<<<<
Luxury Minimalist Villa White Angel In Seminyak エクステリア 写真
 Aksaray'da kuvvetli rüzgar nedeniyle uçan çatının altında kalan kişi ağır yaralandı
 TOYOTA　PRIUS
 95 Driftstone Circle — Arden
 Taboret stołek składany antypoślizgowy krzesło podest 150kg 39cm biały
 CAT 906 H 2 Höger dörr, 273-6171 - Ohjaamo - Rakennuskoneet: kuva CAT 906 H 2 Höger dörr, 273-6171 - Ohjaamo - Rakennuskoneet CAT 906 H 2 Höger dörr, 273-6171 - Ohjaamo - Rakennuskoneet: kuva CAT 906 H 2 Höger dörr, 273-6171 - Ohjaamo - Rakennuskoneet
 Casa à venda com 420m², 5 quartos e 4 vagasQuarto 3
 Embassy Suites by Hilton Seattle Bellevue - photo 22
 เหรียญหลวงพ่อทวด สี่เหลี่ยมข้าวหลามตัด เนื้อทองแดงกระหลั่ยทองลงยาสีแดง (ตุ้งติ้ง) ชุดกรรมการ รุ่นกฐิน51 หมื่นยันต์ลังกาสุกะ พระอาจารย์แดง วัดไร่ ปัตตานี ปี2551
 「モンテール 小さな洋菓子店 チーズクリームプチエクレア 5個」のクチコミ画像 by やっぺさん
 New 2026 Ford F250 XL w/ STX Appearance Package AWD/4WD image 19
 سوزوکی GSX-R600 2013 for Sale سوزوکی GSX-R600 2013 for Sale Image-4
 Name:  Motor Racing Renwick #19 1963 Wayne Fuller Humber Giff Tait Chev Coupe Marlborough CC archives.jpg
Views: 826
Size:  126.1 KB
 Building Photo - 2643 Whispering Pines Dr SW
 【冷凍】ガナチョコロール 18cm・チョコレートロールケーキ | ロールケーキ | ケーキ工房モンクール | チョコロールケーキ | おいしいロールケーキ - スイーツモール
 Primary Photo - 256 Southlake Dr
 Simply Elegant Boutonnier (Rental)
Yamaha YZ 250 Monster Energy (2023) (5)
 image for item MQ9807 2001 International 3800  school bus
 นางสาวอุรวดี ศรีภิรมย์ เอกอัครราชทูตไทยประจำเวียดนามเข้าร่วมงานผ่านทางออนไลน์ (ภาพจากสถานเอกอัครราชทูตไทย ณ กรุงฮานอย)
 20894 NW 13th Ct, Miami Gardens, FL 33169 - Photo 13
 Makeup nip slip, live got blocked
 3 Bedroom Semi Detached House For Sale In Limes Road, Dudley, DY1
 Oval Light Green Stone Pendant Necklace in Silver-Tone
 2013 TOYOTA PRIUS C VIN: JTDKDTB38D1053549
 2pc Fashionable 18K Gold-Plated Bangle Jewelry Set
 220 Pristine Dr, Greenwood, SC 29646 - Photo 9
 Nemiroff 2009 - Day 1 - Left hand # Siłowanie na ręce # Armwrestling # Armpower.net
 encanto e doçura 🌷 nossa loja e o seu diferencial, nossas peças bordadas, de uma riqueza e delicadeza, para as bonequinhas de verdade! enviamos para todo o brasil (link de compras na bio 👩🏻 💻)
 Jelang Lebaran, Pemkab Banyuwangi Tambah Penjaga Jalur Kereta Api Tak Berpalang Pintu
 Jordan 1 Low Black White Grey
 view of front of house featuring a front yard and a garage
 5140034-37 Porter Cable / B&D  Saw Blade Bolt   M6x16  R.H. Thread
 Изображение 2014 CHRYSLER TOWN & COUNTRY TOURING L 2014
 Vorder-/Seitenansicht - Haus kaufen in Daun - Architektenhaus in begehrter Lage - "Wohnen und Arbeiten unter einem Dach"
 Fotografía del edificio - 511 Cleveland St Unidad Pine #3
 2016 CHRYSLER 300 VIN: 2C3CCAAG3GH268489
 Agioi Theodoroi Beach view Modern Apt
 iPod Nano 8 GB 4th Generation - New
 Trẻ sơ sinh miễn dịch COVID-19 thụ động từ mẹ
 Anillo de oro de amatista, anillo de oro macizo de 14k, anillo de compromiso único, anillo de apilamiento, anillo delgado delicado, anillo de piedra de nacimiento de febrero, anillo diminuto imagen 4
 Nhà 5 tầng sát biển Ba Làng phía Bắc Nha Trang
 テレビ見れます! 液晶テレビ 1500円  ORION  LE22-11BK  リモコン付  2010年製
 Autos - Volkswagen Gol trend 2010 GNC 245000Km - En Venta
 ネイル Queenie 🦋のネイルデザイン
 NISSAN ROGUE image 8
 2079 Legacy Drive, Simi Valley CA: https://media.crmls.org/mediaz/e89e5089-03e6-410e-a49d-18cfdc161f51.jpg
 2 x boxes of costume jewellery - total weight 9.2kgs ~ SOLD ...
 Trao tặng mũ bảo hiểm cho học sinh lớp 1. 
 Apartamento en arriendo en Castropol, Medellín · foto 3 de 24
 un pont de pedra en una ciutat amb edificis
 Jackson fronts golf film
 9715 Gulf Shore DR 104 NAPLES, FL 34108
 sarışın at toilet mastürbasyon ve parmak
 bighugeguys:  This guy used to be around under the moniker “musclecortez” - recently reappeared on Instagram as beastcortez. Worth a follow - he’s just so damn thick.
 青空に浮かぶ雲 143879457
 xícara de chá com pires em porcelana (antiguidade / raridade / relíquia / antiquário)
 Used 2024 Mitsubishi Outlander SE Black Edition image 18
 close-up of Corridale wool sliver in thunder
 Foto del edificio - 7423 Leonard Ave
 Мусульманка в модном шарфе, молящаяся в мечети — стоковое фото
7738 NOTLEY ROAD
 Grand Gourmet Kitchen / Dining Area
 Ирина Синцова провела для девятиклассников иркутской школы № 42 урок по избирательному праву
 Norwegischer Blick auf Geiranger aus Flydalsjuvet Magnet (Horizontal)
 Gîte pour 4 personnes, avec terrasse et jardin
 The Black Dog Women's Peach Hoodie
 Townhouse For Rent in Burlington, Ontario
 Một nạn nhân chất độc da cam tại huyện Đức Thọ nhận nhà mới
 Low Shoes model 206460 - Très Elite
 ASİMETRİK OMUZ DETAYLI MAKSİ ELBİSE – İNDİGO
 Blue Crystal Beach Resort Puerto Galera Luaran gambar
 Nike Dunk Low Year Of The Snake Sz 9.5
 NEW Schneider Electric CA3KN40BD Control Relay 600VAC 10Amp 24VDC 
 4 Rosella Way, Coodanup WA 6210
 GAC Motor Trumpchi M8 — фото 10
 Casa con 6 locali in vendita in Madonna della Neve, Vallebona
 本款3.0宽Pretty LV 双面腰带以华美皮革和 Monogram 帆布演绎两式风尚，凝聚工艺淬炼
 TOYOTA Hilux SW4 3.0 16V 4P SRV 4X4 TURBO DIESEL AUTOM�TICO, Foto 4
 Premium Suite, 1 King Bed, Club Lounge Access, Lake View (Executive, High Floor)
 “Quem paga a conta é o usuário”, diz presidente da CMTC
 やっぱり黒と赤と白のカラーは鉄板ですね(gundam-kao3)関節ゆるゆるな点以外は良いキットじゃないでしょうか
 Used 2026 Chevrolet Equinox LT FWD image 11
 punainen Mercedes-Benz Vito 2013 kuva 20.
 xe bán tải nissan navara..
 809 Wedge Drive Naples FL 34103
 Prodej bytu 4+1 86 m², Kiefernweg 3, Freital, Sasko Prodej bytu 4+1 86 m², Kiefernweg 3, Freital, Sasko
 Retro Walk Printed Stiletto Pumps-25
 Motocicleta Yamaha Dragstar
>>>>
TASK OBJECTIVE: Reproduce exactly the lines that run from the start of the records to the line with "95 Driftstone Circle — Arden", both included.

RESULT FOR THIS TASK:
Luxury Minimalist Villa White Angel In Seminyak エクステリア 写真
 Aksaray'da kuvvetli rüzgar nedeniyle uçan çatının altında kalan kişi ağır yaralandı
 TOYOTA　PRIUS
 95 Driftstone Circle — Arden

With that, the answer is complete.